* **What to produce**
The whole listing below, with no pictures, is to be repeated as it stands.

* **Information shown**
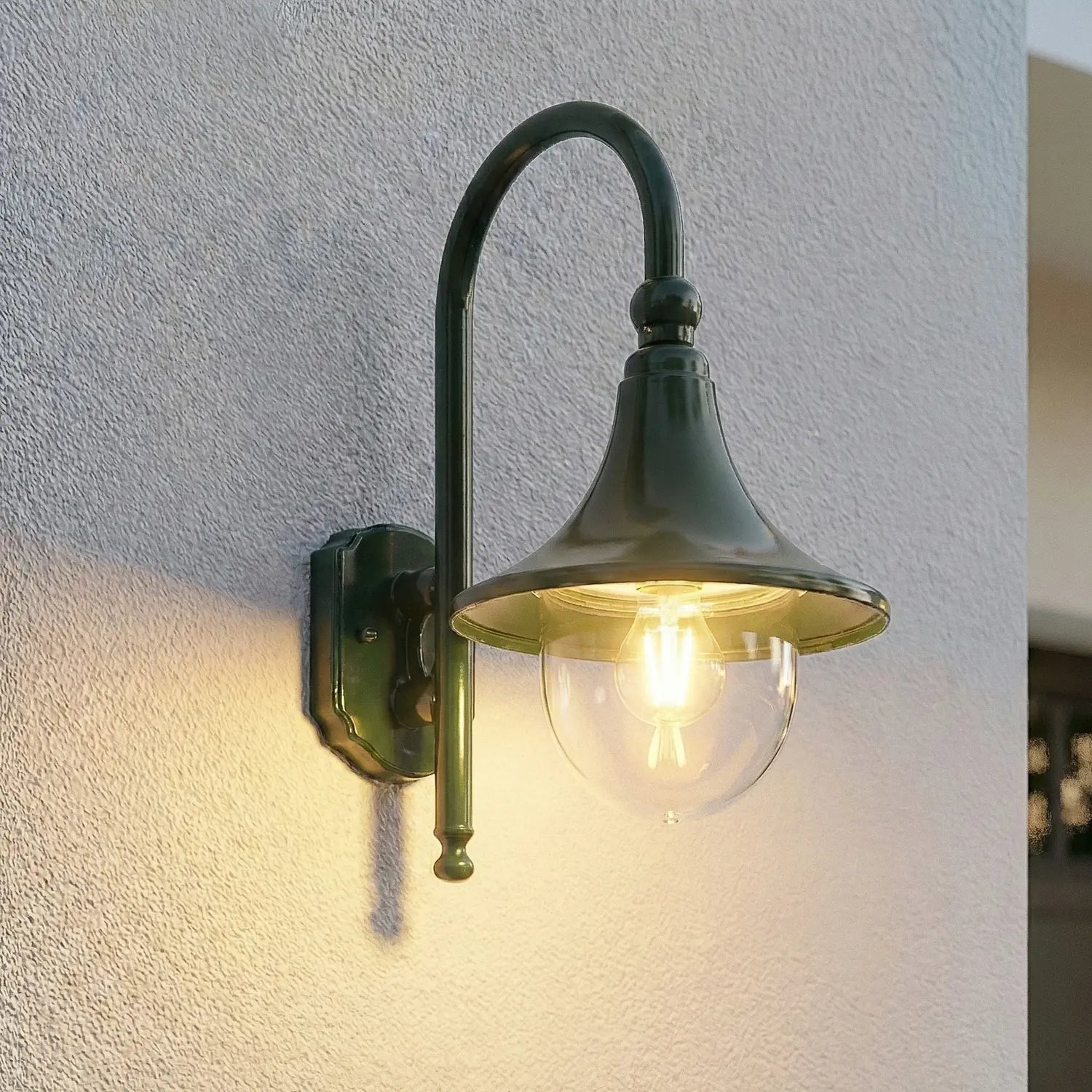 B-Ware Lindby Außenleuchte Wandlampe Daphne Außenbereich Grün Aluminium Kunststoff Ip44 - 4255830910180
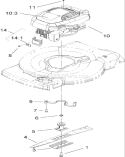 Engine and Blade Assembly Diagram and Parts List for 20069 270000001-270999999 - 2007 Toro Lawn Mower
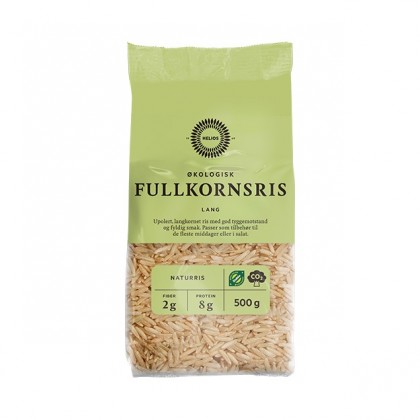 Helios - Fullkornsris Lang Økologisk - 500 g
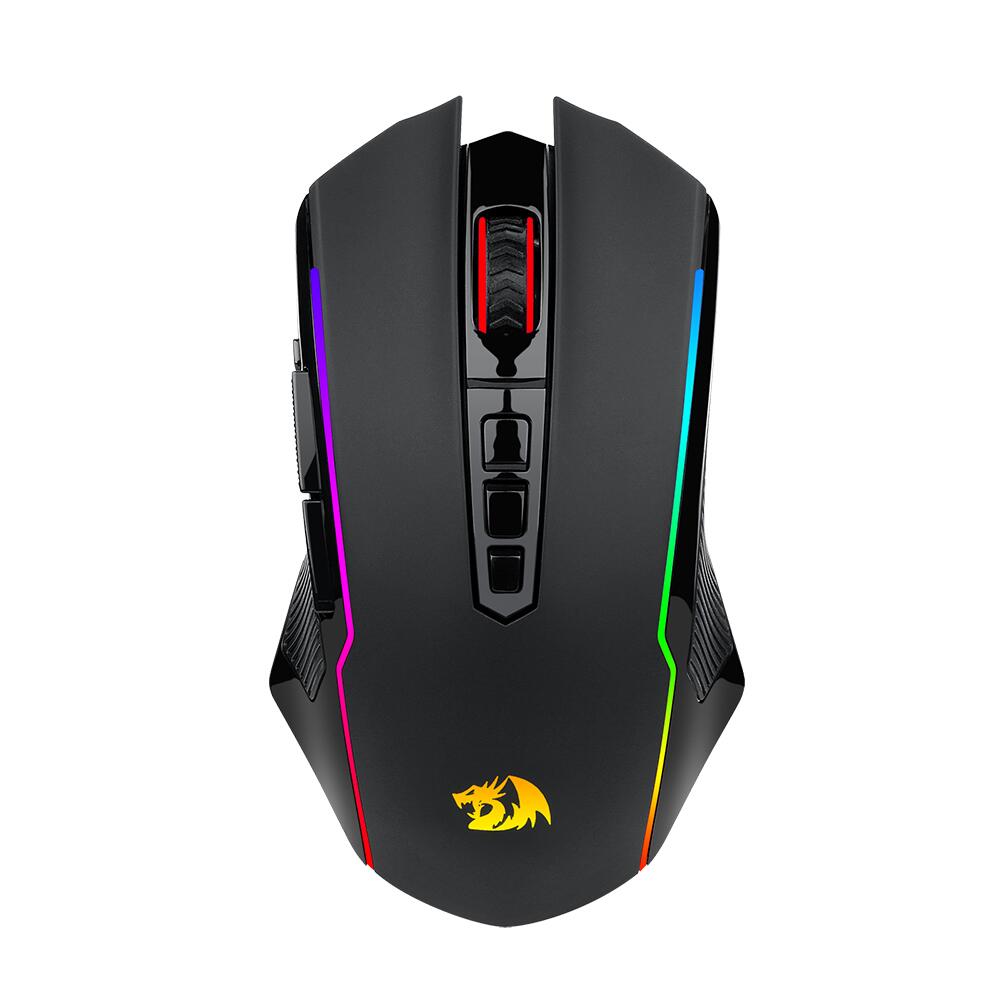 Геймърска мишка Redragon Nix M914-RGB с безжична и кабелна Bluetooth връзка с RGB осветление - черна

* **Result for this exercise**
 B-Ware Lindby Außenleuchte Wandlampe Daphne Außenbereich Grün Aluminium Kunststoff Ip44 - 4255830910180
 Engine and Blade Assembly Diagram and Parts List for 20069 270000001-270999999 - 2007 Toro Lawn Mower
 Helios - Fullkornsris Lang Økologisk - 500 g
 Геймърска мишка Redragon Nix M914-RGB с безжична и кабелна Bluetooth връзка с RGB осветление - черна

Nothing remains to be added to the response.